For the other method you would have to work directly with $L$ and polynomials Solve the equation $L(a+bx+cx^2+dy + exy+fy^2) = \alpha(a+bx+cx^2+dy+exy+fy^2)$ to find that the only solutions have $\alpha=0$ (giving you the eigenvalues), and finding the explicit solutions gives the eigenvectors. Note that $L^2$ is not the zero linear transformation, then that $L^3$ is; this gives all the information you need.

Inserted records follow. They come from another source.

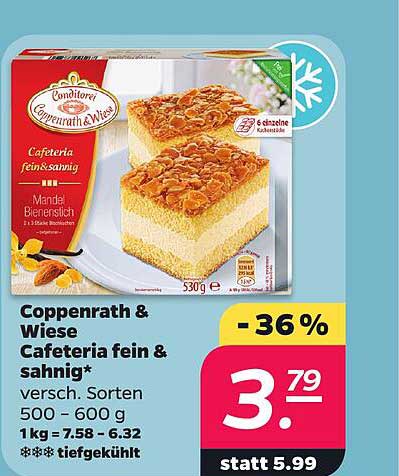 Coppenrath & Wiese Cafeteria fein & sahnig* versch. Sorten 500 - 600 g 1 kg = 7.58 - 6.32 *** tiefgekühlt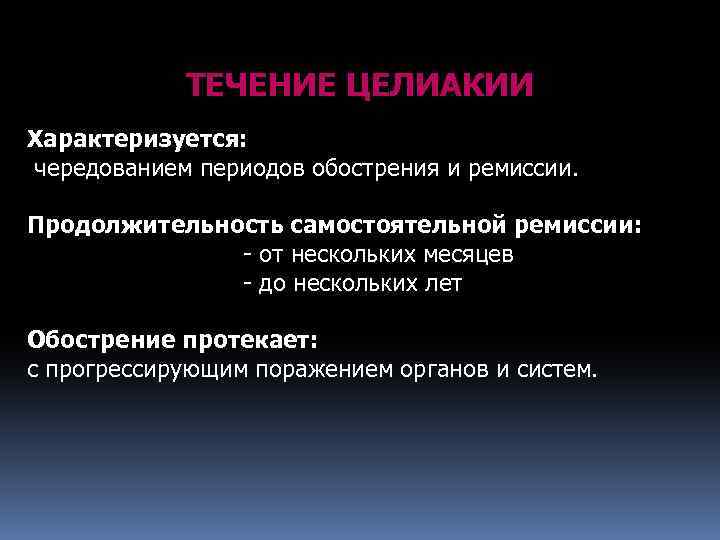 ТЕЧЕНИЕ ЦЕЛИАКИИ Характеризуется: чередованием периодов обострения и ремиссии. Продолжительность самостоятельной ремиссии: - от нескольких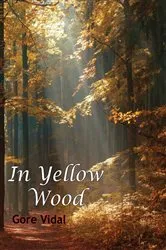 Book cover of In a Yellow Wood by Gore Vidal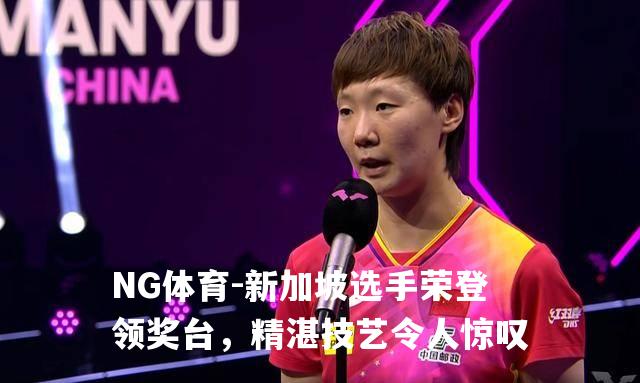 新加坡选手荣登领奖台，精湛技艺令人惊叹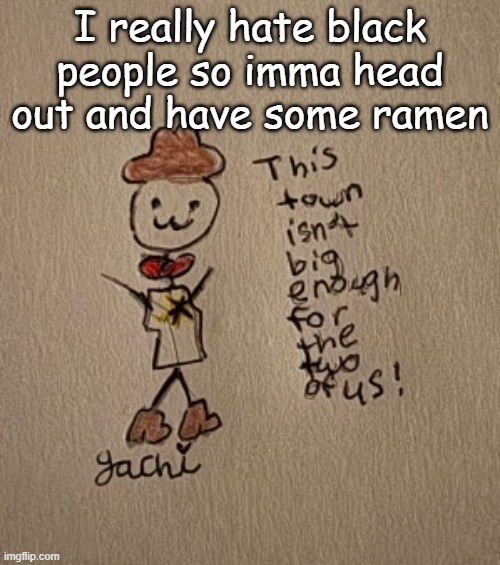 :3 stickman sheriff edition (Thanks Yachi) | I really hate black people so imma head out and have some ramen | image tagged in 3 stickman sheriff edition thanks yachi | made w/ Imgflip meme maker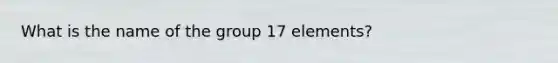 What is the name of the group 17 elements?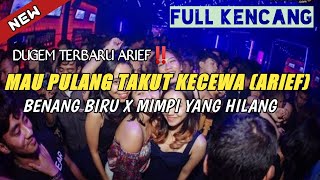 DJ MAU PULANG TAKUT KECEWA ( ARIEF ) X DJ BENANG BIRU X DJ MIMPI YANG HILANG // DUGEM ARIEF TERBARU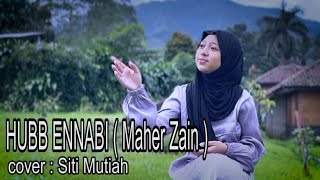 HUBB ENNABI  Maher Zain   cover Siti Mutiah [upl. by Ardnazxela372]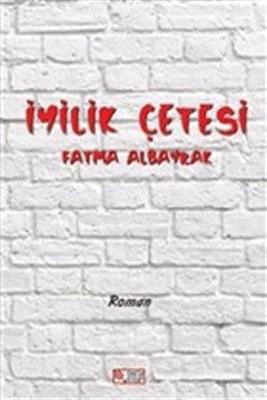 İyilik Çetesi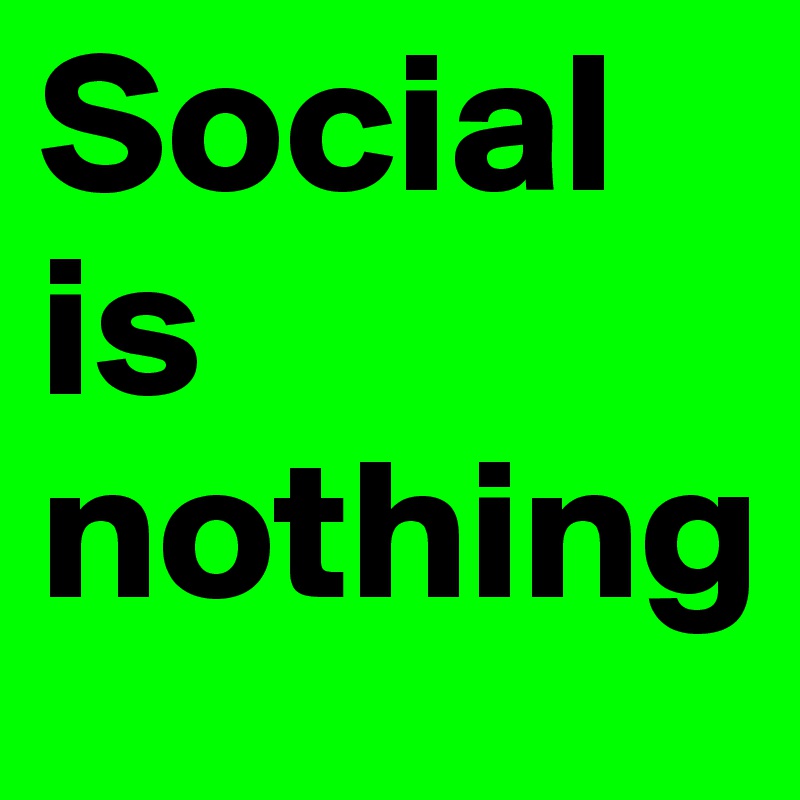 Social
is
nothing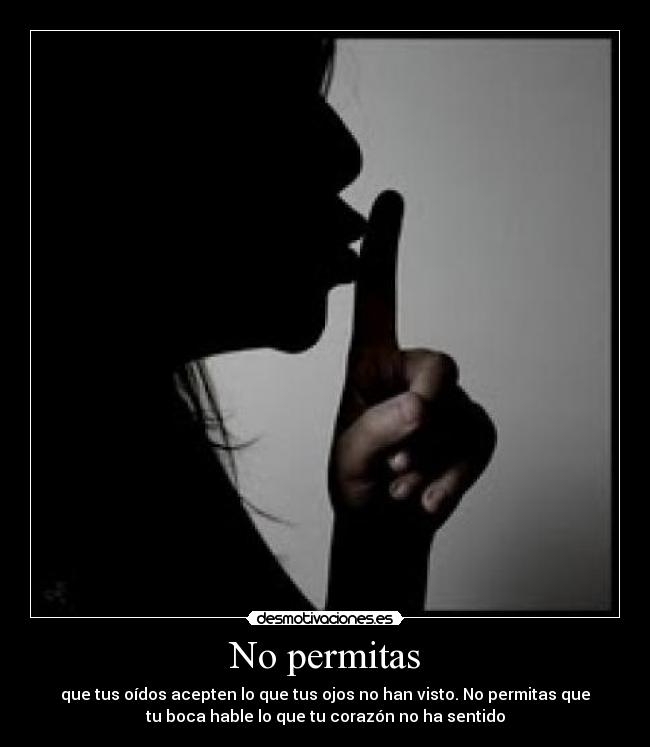 No permitas - que tus oídos acepten lo que tus ojos no han visto. No permitas que
tu boca hable lo que tu corazón no ha sentido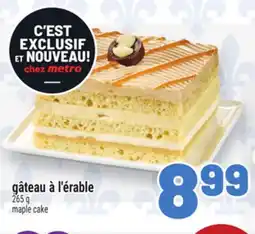 Metro GÂTEAU À L'ÉRABLE | MAPLE CAKE offer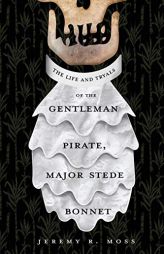 The Life and Tryals of the Gentleman Pirate, Major Stede Bonnet by Jeremy R. Moss Paperback Book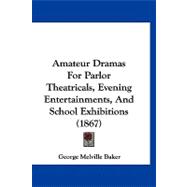 Amateur Dramas for Parlor Theatricals, Evening Entertainments, and School Exhibitions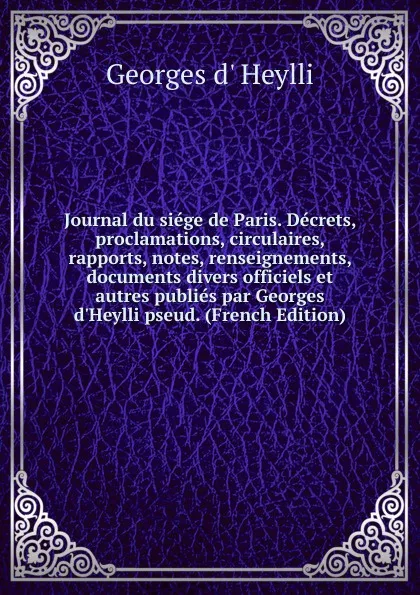 Обложка книги Journal du siege de Paris. Decrets, proclamations, circulaires, rapports, notes, renseignements, documents divers officiels et autres publies par Georges d.Heylli pseud. (French Edition), Georges d' Heylli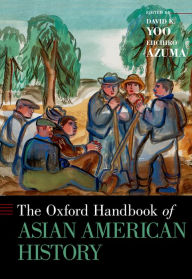 Title: The Oxford Handbook of Asian American History, Author: David K. Yoo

(You will find that in the general case something similar occurs: you cannot have any eigenvalues other than $0$, because $L$ always reduces the maximum degree of $p(x)$ by $1$; that you need $n$ applications of $L$ to get the zero linear transformation; and you should find a pretty simple formula for the dimension of the space (hence the size of the matrix) and a nice way of seeing the Jordan canonical form.)